Project description:The adrenal cortex is characterized by a distinct architecture as well as a high density of specialized sinusoidal blood vessels. The preservation of this particular endothelial cell phenotype is likely vital for proper adrenal gland function. The aldosterone-producing zona glomerulosa harbors macrophages in close association with sinusoidal capillaries. However, the function of this macrophage-endothelial cell-juxtaposition in steady-state conditions is unknown.
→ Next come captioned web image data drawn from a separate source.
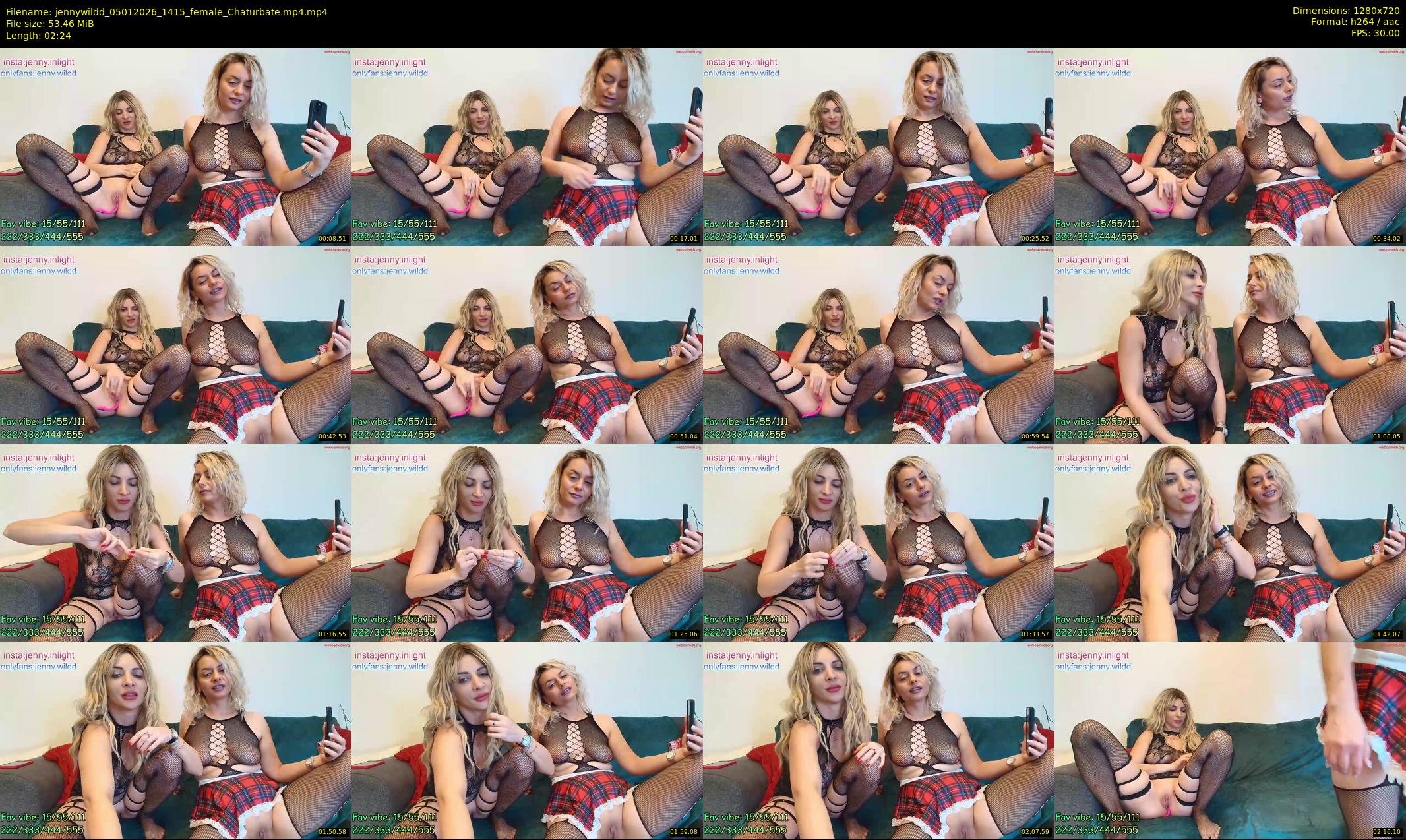 jennywildd — 3 minute Chaturbate female cam show recording, 720p, Jan 5, 2026
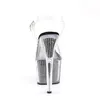 ADORE-708SRS Damen Sandale von Pleaser, Transparent Schwarz Produktbild-Vorschau 4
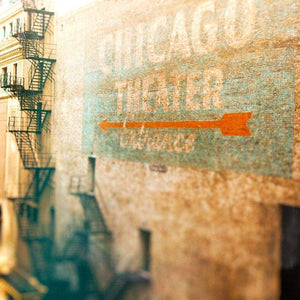 To State Street | Chicago Theater Sign-Tracey Capone Photography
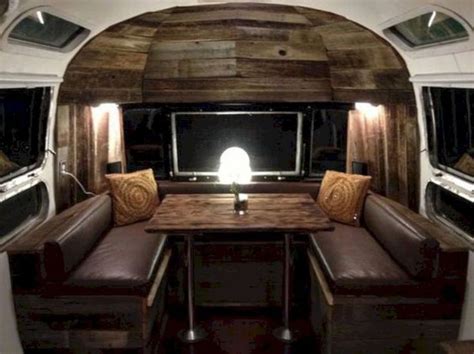 Cool Airstream Interior Including A Wood Stove Airstream Interior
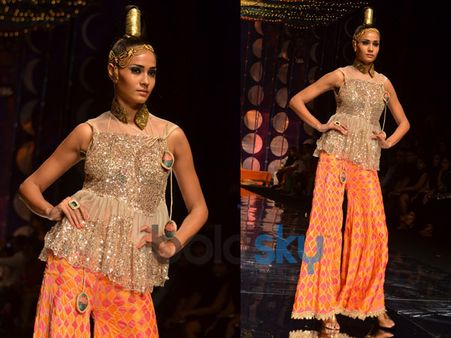 Orange n Pink Palazzo Pants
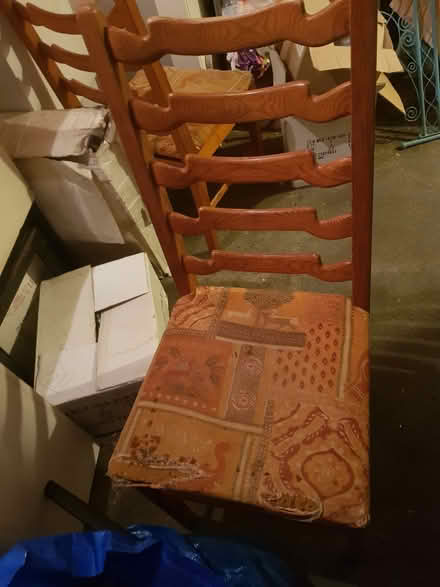 Photo of free 6 x Dining room chairs need recovering (Greystones S11) #2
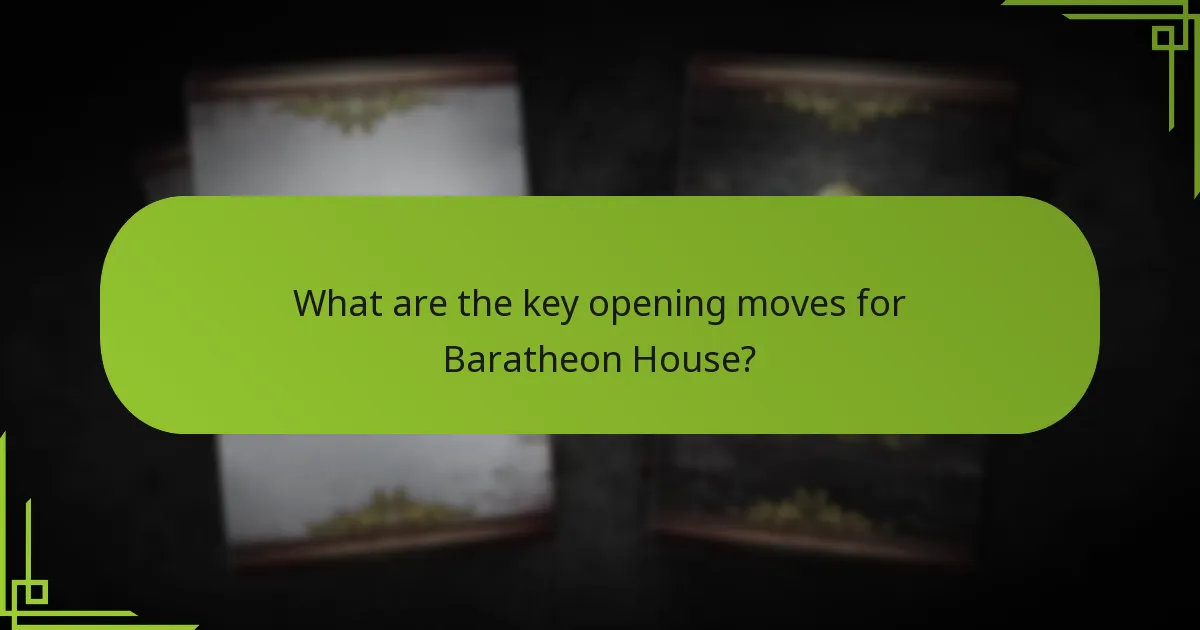 How does Baratheon House compare to other factions?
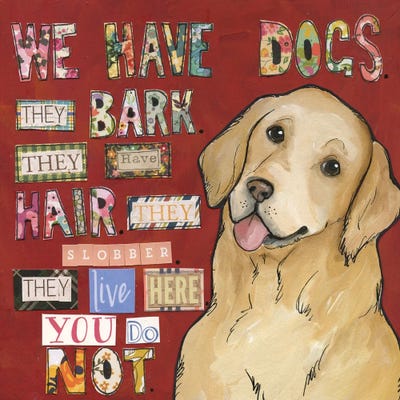 We Have Dogs by Jamie Morath canvas print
We show that macrophages preserve capillary specialization in the adrenal gland and modulate aldosterone secretion. By combining macrophage-specific deletion of the angiogenic cytokine Vascular Endothelial Growth Factor A (VEGF-A), single-cell transcriptomics and functional phenotyping, we provide evidence that loss of VEGF-A in myeloid cells, including adrenal gland macrophages depletes a specialized subset of PLVAP+ fenestrated endothelial cells in the zona glomerulosa of mice, along with increased deposition of basement membrane collagen IV and induction of sub-endothelial fibrosis.